John D. Taylor for respondents.

(1) Mrs. Hershey, because of her extreme age and afflictions, was a prisoner in her own home, while Mrs. Horton had full dominion over her body and over the management of her property and its income. The deeds were for a nominal consideration, without reservation and conveyed all of her estate to this daughter. The law presumes the deeds were the result of undue influence exerted by the daughter and the burden of removing that presumption rests upon her in this suit to set aside the deeds. Kincer v. Kincer, 246 Mo. 419; Cornet v. Cornet, 248 Mo. 184; Dingman v. Romine, 141 Mo. 466. (2) While this court reserves to itself the right to pass upon the evidence regardless of the conclusions reached by the trial court, yet where the evidence is all oral, the chancellor had the witnesses before him, heard their stories, and was in a position to determine their credibility, and the weight to be given their testimony, this court should defer in a great measure to this finding. Price v. Rausche, 186 S.W. 970; McKinney v. Hawkins, 215 S.W. 253; Fishback v. Prock, 242 S.W. 966.

ELLISON, C.

This is a suit in equity to cancel two certain deeds conveying 160 acres of land in Chariton County, for mental incapacity of the grantor and undue influence practiced upon her by the grantee. The grantor was Amanda Hershey, deceased; the grantee is her daughter Olive Hershey Horton, the appellant. The petition also prayed cancellation of a third deed by which the appellant subsequently transferred about thirty-two acres of the land to her brother, the defendant James M. Hershey — with notice of the foregoing, it is alleged — and for partition. The circuit court found for the plaintiffs on all the issues tendered as aforesaid, cancelled the deeds, and ordered partition by a sale of the real estate and a division of the proceeds.

The deceased left five children, a son, Walter Hershey, and a daughter, May Yancey, who were the plaintiffs and are respondents here; the daughter Olive Hershey Horton, who is the appealing defendant; and a daughter Mollie Wheeler and the son James M. Hershey, who were impleaded as defendants, but defaulted.

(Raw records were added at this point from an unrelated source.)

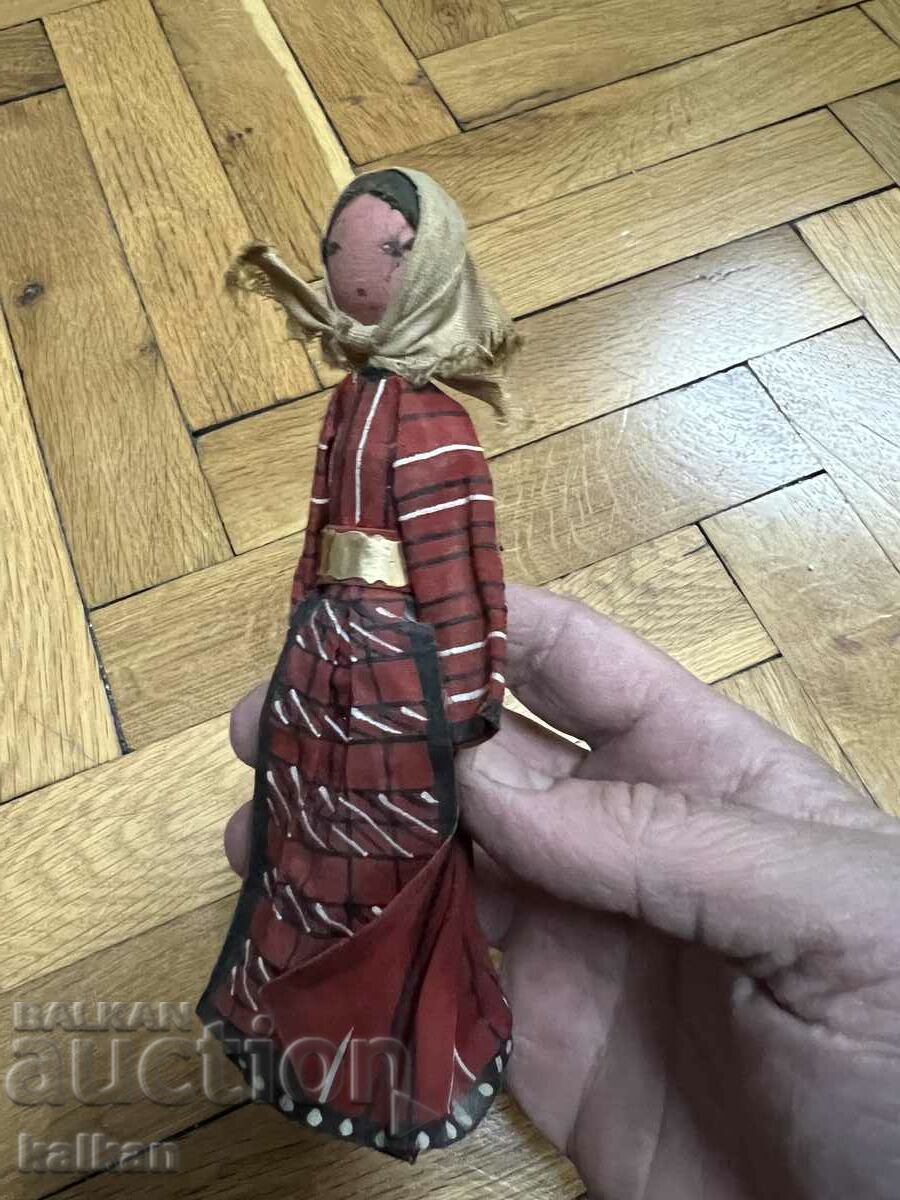 Old souvenir wooden Bulgarian doll with price 15.00 BGN | € 7.67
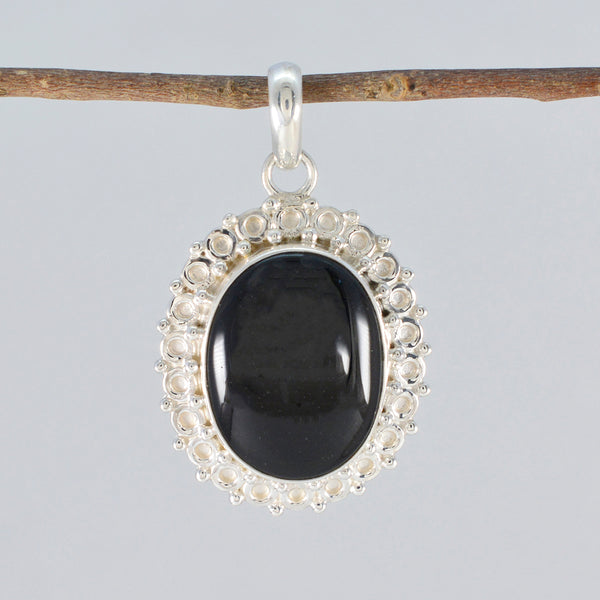 Black Onyx Essential American Sterling Silver Solitaire Yasmine Rope-Wire Black Pendant Jewellery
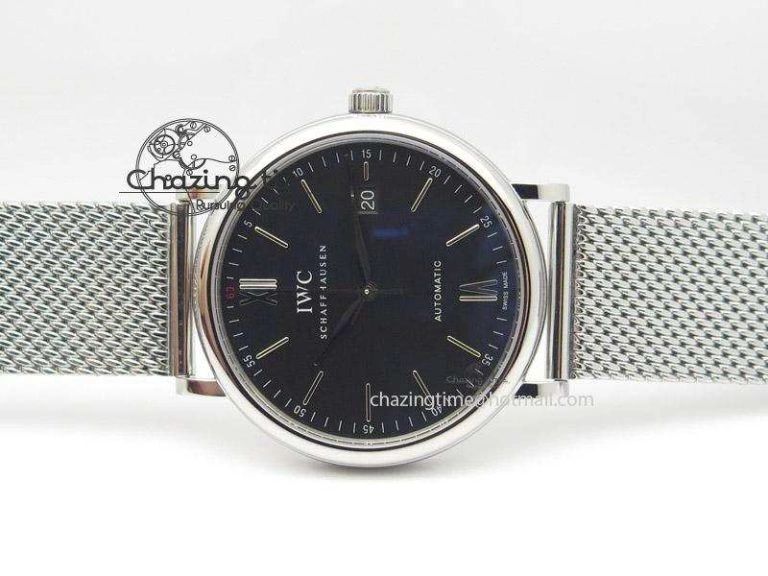 Portofino SCHAFFHAUSEN SS MKF 1:1 Best Edition Black Dial On Mesh Bracelet A2892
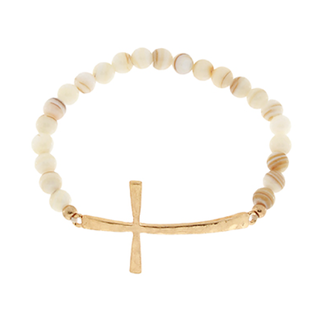 Stone Beads & Cross Bracelet Natural
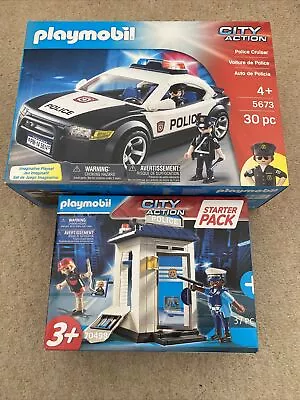 Buy Playmobil 5673 & 70498 City Action Police Cruiser & Station Starter Pack Sealed. • 29.99£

The land in dispute all belonged originally to Ezra Hershey, the father. He died testate in 1906, leaving 240 acres of land and about $2100 in personalty to his widow, the said Amanda Hershey, who was then seventy-two years old. For some five years thereafter she continued to live on the family homestead on the land, but it finally became necessary to have some one look after her. All of the children were married and had families of their own except the appellant, who was separated from her husband and lived in Kansas City, where she was working as a professional housekeeper. A family arrangement was made by which the appellant moved to the mother's home to take care of her.

The contract was that the appellant should care for the mother for the rest of the latter's life, and as compensation for her services receive eighty acres of the 240 acres, which was worth about $35 per acre according to the evidence. It appears from the record that the plan was thoroughly discussed by the parties before it was entered into. The appellant wanted the eighty acres deeded to her at the time; the mother objected to parting with the title during her life. Finally she made a deed, but a provision was incorporated in it that the appellant should not sell the land before the mother's death. This transaction occurred in 1911, and is not one of those attacked in the suit.

Things ran along smoothly until about five years later in 1915 or 1916, when the mother suffered a stroke of paralysis, which very materially impaired her health and in course of time rendered her practically helpless. During the last three or four years of her life she was bedridden, and much of the time had to be cared for like an infant. She could not raise her hands, or feed herself. She spoke with difficulty and it was hard to understand her. She died on May 29, 1921, when eighty-seven or eighty-eight years old. The two deeds which are assailed in this proceeding were executed by her on June 17, 1919, and November 17, 1920, respectively, the former a little less than two years before her death, and the latter a little more than six months. The expressed consideration in the first deed was love and affection; in the second, love and affection and one dollar; in the deed from the appellant to Judge Hershey, one dollar.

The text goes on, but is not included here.